The report also said that the existing Decision Support System (DSS) developed by the Indian Institute of Tropical Meteorology for Delhi’s air-quality management must revise its methodology to correctly quantify the contribution of stubble burning. Currently, the DSS relies on satellite imagery from VIIRS alone to estimate the contribution of farm fires to Delhi’s pollution. 

In ‘testing mode’

Burnt area of cropland is a much better estimate of stubble burning than active fire counts and it would be better if government portals switched to this indicator, agreed Sachin Ghude, scientist at the IITM Pune who heads the DSS and Air Quality Warning and Integrated Decision Support System for Emissions (AIRWISE).

“It is very good news that there was around 30% decrease in burnt area [in Punjab and Haryana], this is good news in terms of policy implementation,” he told The Wire over a telephonic interview, commenting on the findings of the iFOREST report. 

However, geostationary satellites that provide burnt area estimates have some drawbacks and the IITM is still ironing out ways to work this into the DSS, he said. This is still in ‘testing mode’, he said.

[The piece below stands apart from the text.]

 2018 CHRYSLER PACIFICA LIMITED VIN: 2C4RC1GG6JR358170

For instance, while geostationary satellites can indeed give more frequent data (some even capture images every ten minutes) they are very far above — around 30,000 kilometers away. 

The spatial resolution of data from geostationary satellites is thus coarse (square kilometers, versus square meters from polar-orbiting satellites) — something iFOREST researchers also noted. Thermal signals from fires would be weak at that resolution, so this is a challenge. Research on how to isolate these weak signals through algorithms is still ongoing, Ghude said.

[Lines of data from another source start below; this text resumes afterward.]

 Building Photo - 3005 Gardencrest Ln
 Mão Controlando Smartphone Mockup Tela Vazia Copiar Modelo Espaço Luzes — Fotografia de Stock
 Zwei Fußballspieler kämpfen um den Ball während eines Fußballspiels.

Moreover, there is also a few days’ lag in obtaining burnt area data from these satellites — while the DSS requires quick and real-time data, Ghude said, explaining why the DSS still uses only data from polar-orbiting satellites such as VIIRS.

Since last year, the IITM team has been trying to develop a method to estimate the contribution of stubble burning to air pollution using chemical markers (such as potassium levels from stubble burning through on-ground field data), he added.

“We are trying to see how we can use this data to derive biomass burning estimates,” Ghude told The Wire.

Estimates of biomass (or crops burnt), along with crop production estimates can in turn provide an estimate of the emissions that affect air quality in the Indo-Gangetic plains, including the Delhi-NCR.

This article went live on December ninth, two thousand twenty five, at seventeen minutes past nine at night.